Source

babel / babel / messages / catalog.py

Full commit
# -*- coding: utf-8 -*-
#
# Copyright (C) 2007 Edgewall Software
# All rights reserved.
#
# This software is licensed as described in the file COPYING, which
# you should have received as part of this distribution. The terms
# are also available at http://babel.edgewall.org/wiki/License.
#
# This software consists of voluntary contributions made by many
# individuals. For the exact contribution history, see the revision
# history and logs, available at http://babel.edgewall.org/log/.

"""Data structures for message catalogs."""

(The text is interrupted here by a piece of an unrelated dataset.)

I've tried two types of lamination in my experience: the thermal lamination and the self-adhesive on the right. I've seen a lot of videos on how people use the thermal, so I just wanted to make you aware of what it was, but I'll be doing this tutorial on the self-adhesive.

from datetime import datetime
import re
try:
    set
except NameError:
    from sets import Set as set
import time

from babel import __version__ as VERSION
from babel.core import Locale
from babel.messages.plurals import PLURALS
from babel.util import odict, UTC

__all__ = ['Message', 'Catalog']
__docformat__ = 'restructuredtext en'

PYTHON_FORMAT = re.compile(r'\%(\([\w]+\))?[diouxXeEfFgGcrs]').search


class Message(object):
    """Representation of a single message in a catalog."""

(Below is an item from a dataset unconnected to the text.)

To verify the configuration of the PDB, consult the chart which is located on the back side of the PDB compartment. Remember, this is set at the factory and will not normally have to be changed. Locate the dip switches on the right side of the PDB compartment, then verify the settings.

    def __init__(self, id, string='', locations=(), flags=(), comments=()):
        """Create the message object.
        
        :param id: the message ID, or a ``(singular, plural)`` tuple for
                   pluralizable messages
        :param string: the translated message string, or a
                       ``(singular, plural)`` tuple for pluralizable messages
        :param locations: a sequence of ``(filenname, lineno)`` tuples
        :param flags: a set or sequence of flags
        :param comments: a sequence of translator comments for the message
        """
        self.id = id
        if not string and self.pluralizable:
            string = (u'', u'')
        self.string = string
        self.locations = list(locations)
        self.flags = set(flags)
        if id and self.python_format:
            self.flags.add('python-format')
        else:
            self.flags.discard('python-format')
        self.comments = list(comments)

    def __repr__(self):
        return '<%s %r>' % (type(self).__name__, self.id)

    def fuzzy(self):
        return 'fuzzy' in self.flags
    fuzzy = property(fuzzy, doc="""\
        Whether the translation is fuzzy.
        
        >>> Message('foo').fuzzy
        False
        >>> Message('foo', 'foo', flags=['fuzzy']).fuzzy
        True
        
        :type:  `bool`
        """)

    def pluralizable(self):
        return isinstance(self.id, (list, tuple))
    pluralizable = property(pluralizable, doc="""\
        Whether the message is plurizable.
        
        >>> Message('foo').pluralizable
        False
        >>> Message(('foo', 'bar')).pluralizable
        True
        
        :type:  `bool`
        """)

    def python_format(self):
        ids = self.id
        if not isinstance(ids, (list, tuple)):
            ids = [ids]
        return bool(filter(None, [PYTHON_FORMAT(id) for id in ids]))
    python_format = property(python_format, doc="""\
        Whether the message contains Python-style parameters.
        
        >>> Message('foo %(name)s bar').python_format
        True
        >>> Message(('foo %(name)s', 'foo %(name)s')).python_format
        True
        
        :type:  `bool`
        """)


class Catalog(object):
    """Representation of a message catalog."""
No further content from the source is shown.